If you ask people to improve a piece of writing, almost everyone will add to it.
When psychologists began to study why that’s so, they found that the impulse to add is not conscious, which suggests that it’s built in. People rarely think about subtracting.
I spent my working life as a newspaper editor, leaning on the delete key.
What’s better than an article that gives you a clear and accurate idea that takes 5 minutes to read? One that gives the same clear and accurate idea in 3 minutes. If your time is valuable, the shorter version is better.
If someone conveys a clear and accurate idea to you in 300 words, that’s enough. Adding another 200 words of blather doesn’t help.

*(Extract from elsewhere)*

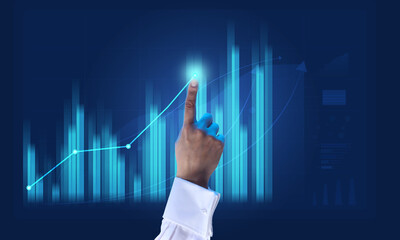 holographic graph with growing indicators and a woman's hand. Business growth concept, profitable startup, profitable business strategy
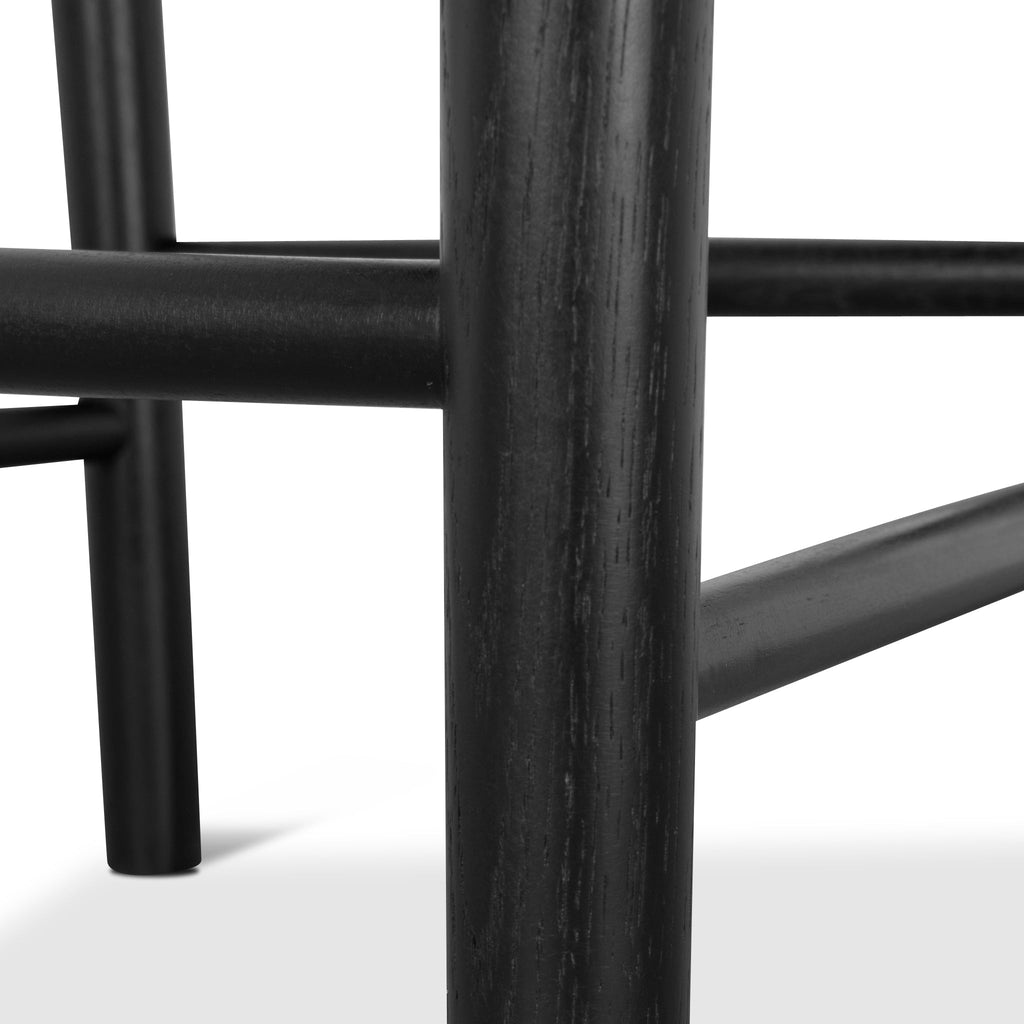 65cm Amalfi Bar Stool - Full Black with Back Rest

Michelle Nijhuis has an article in The New York Review of Books that asks “Must We Grow?” The article looks at two books that question whether human communities must grow until we overwhelm the environment.
The article gives a good sense of that impulse to add, to increase and to grow. I am fascinated by cases where our instinct tells us one thing and our reason tells us something else. The moral dilemma, in a nutshell.
One of the most interesting notes in the article was about the research of Stephanie Preston, a psychologist at the University of Michigan. Her studies “show that both kangaroo rats and humans respond to stress by hoarding.”
• Source: Michelle Nijhuis, “Must We Grow?”; The New York Review of Books, June 9, 2022, Vol. LXIX, No. 10, pp. 12-14. She reviews two books: Leidy Klotz’s Subtract: The Untapped Science of Less and J.B. MacKinnon’s The Day the World Stops Shopping.